Steele balked at the assertion that the cases he brings might be labeled “frivolous,” though he did note that only a handful of the ADA suits he’s filed have gone to trial - the rest have been settled fairly quickly.
“It’s not some get-rich-quick scheme plan for lawyers,” he said. “This is by far the least profitable avenue of law that I can imagine doing.”
“[There are] a couple of instances where a business [has] tried to intimidate my client, [saying], ‘This is frivolous,’” Steele said. “I say, ‘Great! You want to fight and pay more of my fees?’
“(T)here’s just no plausible argument, in my opinion. We have photographs. We have evidence that you’re not in compliance.”
Marca Bristo, CEO and president of Access Living, said such lawsuits can raise awareness of discrimination against those with disabilities.
“From our perspective, people with disabilities have the right to have the Americans with Disabilities Act enforced,” she said.
“We fought to have the law on the books, and the establishments who haven’t come into compliance have the responsibility to do so.”
But she conceded they also can risk a backlash against even organized nonprofits fighting to protect civil rights.
“I am aware, and have been for some time, of the practice of ‘drive-by lawsuits,’” she said. “Sometimes, unscrupulous attorneys go out and find people and file lawsuits and settle for money. Those we strongly and vehemently object to.”
Regardless of intent, Bill Pokorny, a partner at the Chicago law firm of Franczek Radelet who represents national hotel and restaurant chains, said the numbers show ADA litigation is here to stay. That’s why the law firm published an article last year advising clients to be proactive in ADA compliance.
But Pokorny said business owners should also keep in mind that, with hundreds of thousands of businesses in the Chicago area, it’s not likely that a small business owner will face ADA litigation.
“Even with a good chunk of these lawsuits being filed, the odds of any individual business facing a lawsuit is fairly low,” Pokorny said.

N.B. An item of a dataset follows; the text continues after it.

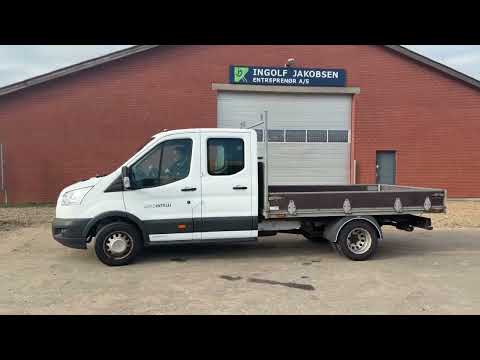 Video: Ford Transit 2.0 TDCI varebil 1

“We’re talking, at most, tens of lawsuits by any given tester or law firm. So, certainly, for the ones who are unlucky enough to be sued, it’s a headache and an expense.
“For others, what it really does is emphasize the need to pay attention to the ADA and make sure that they’re in compliance. Not only is there the risk of liability, but in most cases, it really is the right thing to do so everyone can enjoy their services and accommodations.”